Zur Erarbeitung oder Wiederholung der Einzelheiten dieser beiden Ansprüche empfehlen wir Ihnen – wie bereits erwähnt – das Skript "Staatshaftungsrecht".

IV Folgenbeseitigungsanspruch

Polizeiliche Maßnahmen können auch einen Folgenbeseitigungsanspruch auslösen. Dies kommt allerdings regelmäßig nur bei rechtswidrigen Maßnahmen in Betracht. Denn soweit die Polizei rechtmäßig handelt, liegt darin zugleich die Pflicht, die entsprechende Maßnahme zu dulden und es wird gerade kein rechtswidriger Zustand geschaffen. Etwas anderes kann ausnahmsweise nur in den Sonderkonstellationen gelten, in denen das Handeln der Polizei als solches zwar rechtmäßig war, dabei aber dennoch ein rechtswidriger Zustand geschaffen wurde, den der Bürger nicht zu dulden hat und der daher vom Staat auf der Grundlage des Folgenbeseitigungsanspruchs beseitigt werden muss.

Der Anspruch richtet sich dann auf die Beseitigung der tatsächlichen Folgen des rechtswidrigen Eingriffs und die Wiederherstellung des ursprünglichen Zustands, so wie er vor dem Eingriff bestand. Schadensersatz oder Entschädigung kann dagegen nicht auf den Folgenbeseitigungsanspruch gestützt werden.

Nach Ablauf der Frist, für die die Polizeibehörde einen Obdachlosen in eine private Wohnung eingewiesen hat, hat der Eigentümer der Wohnung auf Wiederherstellung des früheren Zustands – also auf Räumung der Wohnung. Solange allerdings eine rechtmäßige Einweisungsverfügung vorliegt, hat der Eigentümer den Zustand zu dulden.

V Öffentlich-rechtlicher Erstattungsanspruch

Soweit es im Zusammenhang mit polizeilichen Maßnahmen zu ungerechtfertigten Vermögensverschiebungen kommt, ist an eine Rückabwicklung anhand des öffentlich-rechtlichen Erstattungsanspruchs zu denken. Dies kommt z.B. bei überzahlten Kosten und Gebühren in Betracht.

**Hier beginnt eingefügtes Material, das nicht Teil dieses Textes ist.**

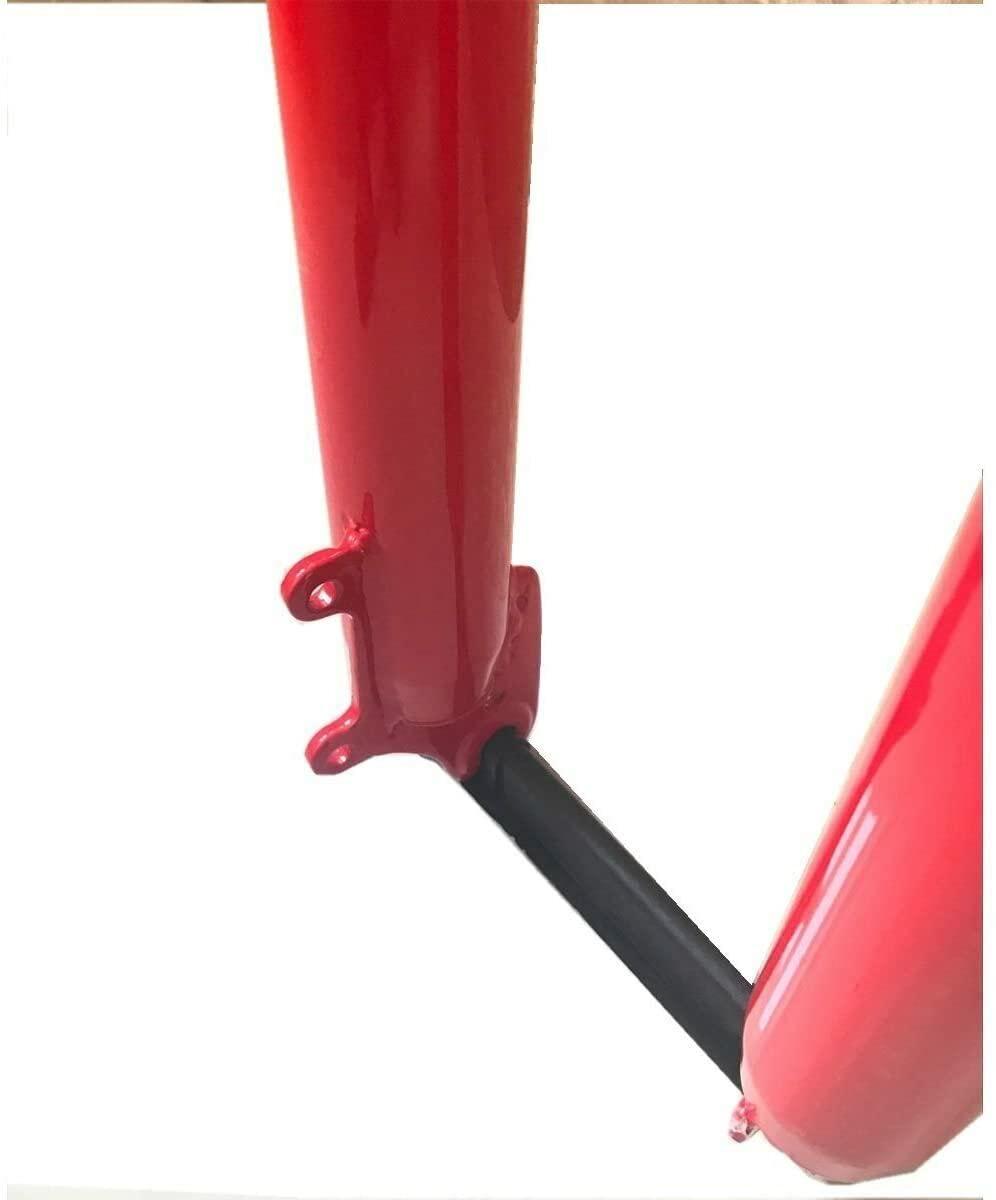CDHPOWER CDHPOWER Red 26 inch Triple Tree Double Shoulder Suspension Fork with Headset for 26 INCH Bicycle, Gas Motorized Bicycle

VI Weitere Anspruchsgrundlagen

Neben diesen Anspruchsgrundlagen kommen auch andere staatshaftungsrechtliche Ansprüche im Zusammenhang mit polizeilichen Maßnahmen in Betracht. So ist an den öffentlich-rechtlichen Unterlassungsanspruch ebenso zu denken wie an eine öffentlich-rechtliche Geschäftsführung ohne Auftrag.


A wird bei einem Polizeieinsatz als freiwilliger Helfer eingesetzt, da es zu lange dauern würde, bis weitere Polizeibeamte vor Ort sind. Bei dem Einsatz erleidet er eine leichte Verletzung und Schäden an seiner Kleidung. Sofern man in diesem Fall eine analoge Anwendung des § 55 PolG ablehnt (vgl. oben), kommt eine Erstattung der Aufwendungen nach den Grundsätzen der öffentlich-rechtlichen Geschäftsführung ohne Auftrag gem. §§ 683, 670 BGB analog in Betracht.

 

Insoweit muss dieser Hinweis an dieser Stelle genügen – wegen der Einzelheiten wird erneut verwiesen auf das Skript "Staatshaftungsrecht".